One morning in 2001, I became a Mama in the Middle. My relationship with my mom had changed over the years, but my role as her caretaker was formalized in one 20-minute doctor's appointment.
I was already entering a new phase of motherhood: freshly released from my teaching job to the nesting phase of maternity leave, I was enormously pregnant with my second child. I dropped three-year-old Zoë off at her preschool at 8 a.m. and picked up Ma at 9, for our third trip to the U.C. Davis Alzheimer's Disease Center in Martinez.
Today was the day of reckoning; we would finally find out what was causing Ma's memory problems.
"This doesn't look familiar," Ma said as we arrived. "Are you sure this is right?"
I silently observed that she was disoriented in a setting that should be familiar to her. Hair: greasy. Same clothes as yesterday. Over the past year, I had developed a sort of internal accounting system to catalogue her subtle personality shifts and memory lapses.
"Well, I'm sure glad you're driving," she said as we arrived.
I frowned. Even though I had insisted on these appointments, I resented having to be in charge. I wanted to be the college kid who cut off her ponytail while hitchhiking across Europe and sent it home in a box with some snapshots and a note asking could they please loan me more money. I wanted to throw myself down on the bed and cry, like I did when I was thirteen and full of black despair--and Ma sweetly advised me, "Oh, Punkin, what you need is sex."
My role with Ma should be to receive, not to administer; to ask her, not tell her, what to do. But today, she needed me.
"It's ok if you feel anxious, you know," I said as we waited in the reception area.
She scowled. "I'm fine. I don't know why you had to bring me to this place."
I descended into a familiar vortex of self-doubt. Would the doctors say Ma's behavior was perfectly normal for her age? Maybe I was just trying to get my old mom out of my hair so I could reclaim my life. Ungrateful, punishing daughter. But then the facts trickled in: She barely smiled any more, and almost never initiated conversation. She had forgotten her granddaughter's name. She had forgotten that she loaned us fifty thousand dollars.
Ma hunched in her chair, staring at the carpet. I petted the sides of my belly, telegraphing my love to the little sprout inside. Then the neuropsychologist appeared.
"Yes," I replied, smiling. "We're Ruth."
She led us into a conference room with a long white table, where the clinical nurse sat waiting. We made small talk as we waited for the third member of their team, a neurologist.
I was wired and anxious, but not afraid.
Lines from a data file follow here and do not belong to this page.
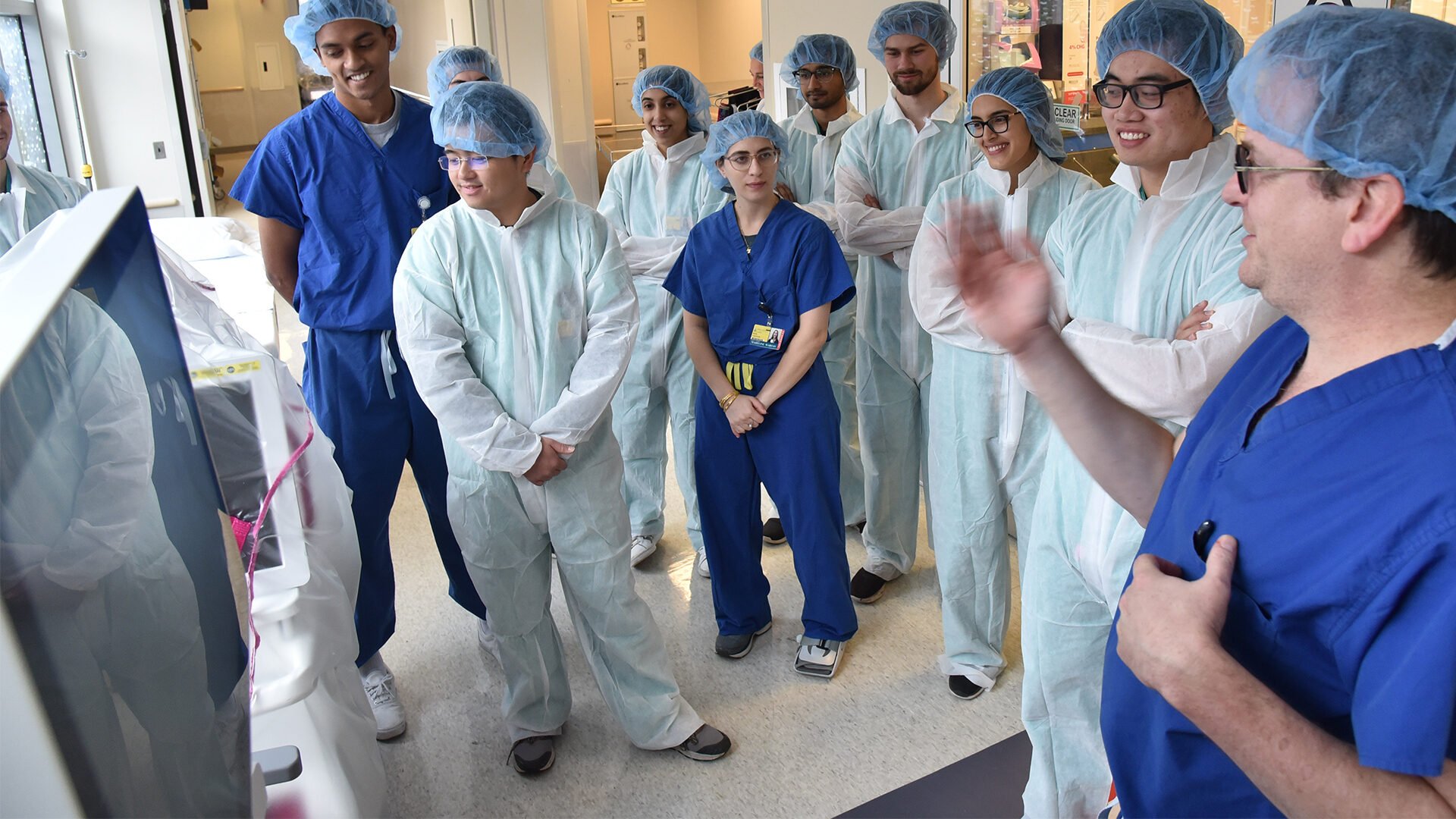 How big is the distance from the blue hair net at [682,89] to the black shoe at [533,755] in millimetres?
1985

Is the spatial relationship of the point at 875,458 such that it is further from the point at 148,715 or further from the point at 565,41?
the point at 565,41

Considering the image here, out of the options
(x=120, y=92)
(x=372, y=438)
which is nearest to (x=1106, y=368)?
(x=372, y=438)

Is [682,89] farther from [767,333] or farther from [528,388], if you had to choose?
[528,388]

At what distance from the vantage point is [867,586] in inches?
124

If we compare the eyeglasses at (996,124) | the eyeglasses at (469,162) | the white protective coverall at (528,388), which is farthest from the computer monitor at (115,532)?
the eyeglasses at (996,124)

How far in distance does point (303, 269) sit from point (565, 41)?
18.5ft

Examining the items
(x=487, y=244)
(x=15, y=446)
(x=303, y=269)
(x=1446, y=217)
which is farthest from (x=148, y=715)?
(x=303, y=269)

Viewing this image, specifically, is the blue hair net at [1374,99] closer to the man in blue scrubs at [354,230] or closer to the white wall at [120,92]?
the man in blue scrubs at [354,230]

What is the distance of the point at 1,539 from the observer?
0.49 metres

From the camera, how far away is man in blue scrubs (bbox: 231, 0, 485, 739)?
8.04 ft

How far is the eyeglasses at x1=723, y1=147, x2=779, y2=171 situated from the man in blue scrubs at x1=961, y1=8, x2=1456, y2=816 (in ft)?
5.52

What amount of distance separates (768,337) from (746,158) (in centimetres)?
46

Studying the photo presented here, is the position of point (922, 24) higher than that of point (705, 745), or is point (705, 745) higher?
point (922, 24)

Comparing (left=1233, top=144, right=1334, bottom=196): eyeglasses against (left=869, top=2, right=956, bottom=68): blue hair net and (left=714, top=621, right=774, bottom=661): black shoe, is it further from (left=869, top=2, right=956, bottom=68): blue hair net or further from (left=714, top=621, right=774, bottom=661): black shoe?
(left=869, top=2, right=956, bottom=68): blue hair net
I just wanted to hear the bottom line. I hated the squirming, nebulous feeling I got when I saw the changes in Ma but could not name them. A diagnosis of Alzheimer's would at least be concrete, something I could work with.
But also, I actually hungered for calamity. Like a driver passing an accident on the freeway, straining in spite of herself to see the spray of blood on the windshield, I was eager for a glimpse of the unthinkable.
As the neurologist sat down, I reached for Ma's hand. I did this not so much out of an immediate need to warm or comfort her, the way I would reach for a crying child, but because I had seen compassionate people portrayed on television at critical moments like this one, and this was how they behaved. The nurse smiled reassuringly, and I guessed that to her we looked correct: Ma looked scared, and I looked supportive. The truth was, she was annoyed and I was excited.
I felt a swell of remorse. My mind flooded with images of her young smile, her summer freckles, soothing voice, strong arms that picked me up and hugged me fiercely. I didn't want this to be the End. I just wanted my old mom back.
When the neuropsychologist finally spoke, she said simply, "Ruth, we believe that you are suffering from Alzheimer's disease."
I looked at Ma, who was looking down at her lap. I kept my body perfectly still, as if that could stop time. A car started outside. Finally, I nodded, took in a breath and slowly let it out. Ma didn't look up. Her expression did not change.
That night, I drove up to Lake Anza. Under a gnarly old oak, I slipped off my clothes and stepped into the black water. With a quiet slurp, it swallowed me up.
I surfaced, rolled onto my back and watched wisps of high fog rush past the half moon as though in a hurry to get somewhere.
Floating there with the faint moonlight on my pregnant belly, I saw that now I would take care of Ma, too. It wasn't her fault; she had a disease. I felt a new, forlorn, soft, something unfolding, and after a moment's confusion recognized it as compassion. I made a vow to be kind to the worried stranger who inhabited my mother's body. I made a wish for the little life within mine. Then I swam back to shore.